Sounds as if you didn't wash/rinse the sand off very well prior to putting in it. It will take time to settle so don't worry too much about it. The main thing is to keep your filter off during this time so none of it ruins your impeller. After the sand settles, you can pack your filter with floss material and it will help clean up the water column faster.


----------



## FJvamp (Jun 26, 2009)

James0816 said:


> Sounds as if you didn't wash/rinse the sand off very well prior to putting in it. It will take time to settle so don't worry too much about it. The main thing is to keep your filter off during this time so none of it ruins your impeller. After the sand settles, you can pack your filter with floss material and it will help clean up the water column faster.
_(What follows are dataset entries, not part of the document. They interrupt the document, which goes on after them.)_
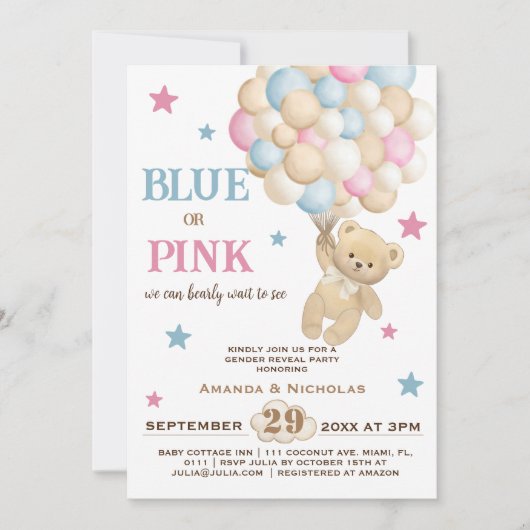 Blauw of Roze Waterverf Modern Gender Reveal Kaart (Voorkant)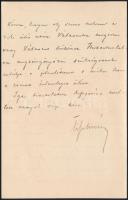 1906 ifj. Tisza Kálmán gróf (1867-1947) saját kézzel írt levele Szél Kálmán nagyszalontai esperesnek...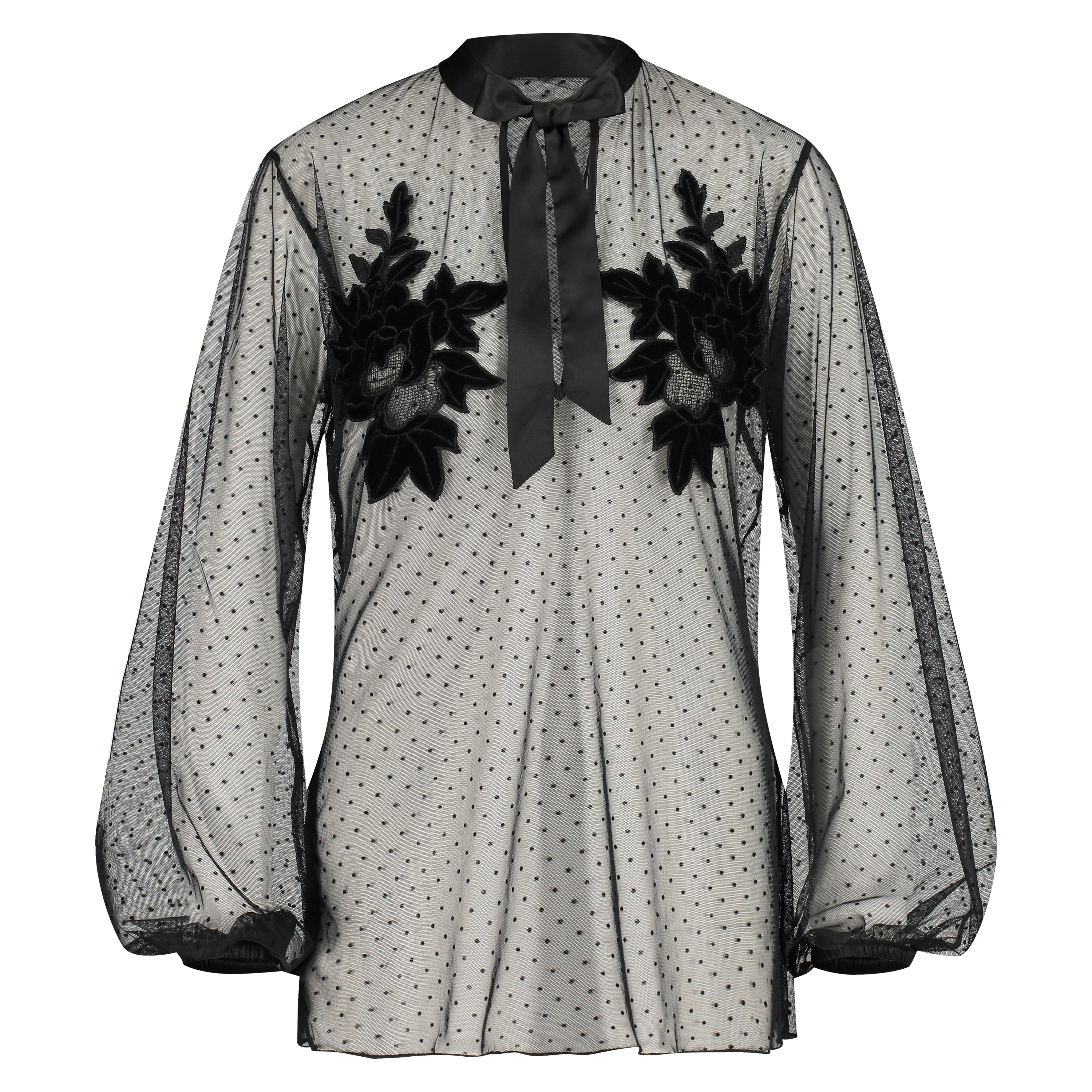 Tunika med prickigt meshmaterial, Svart, main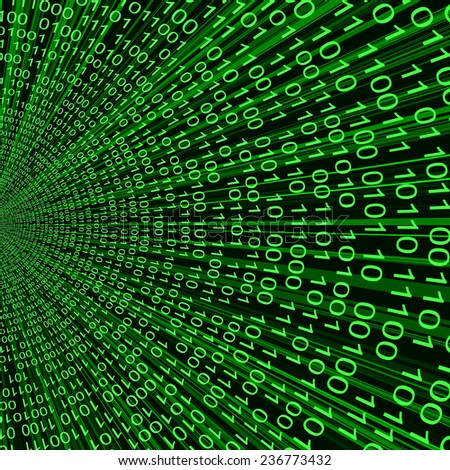 Abstract green binary code 3D vector line background of information technologies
Ok, I just turned my filter off, when should i start it again? when the water clears up?


----------



## James0816 (Jun 19, 2009)

FJvamp said:


> Ok, I just turned my filter off, when should i start it again? when the water clears up?


Let it sit for an hour or so just to be safe. This will allow time for the smaller particles to settle in. Then you can turn it back on. Do you have floss that you can pack in your filter?


----------



## FJvamp (Jun 26, 2009)

James0816 said:


> Let it sit for an hour or so just to be safe. This will allow time for the smaller particles to settle in. Then you can turn it back on. Do you have floss that you can pack in your filter?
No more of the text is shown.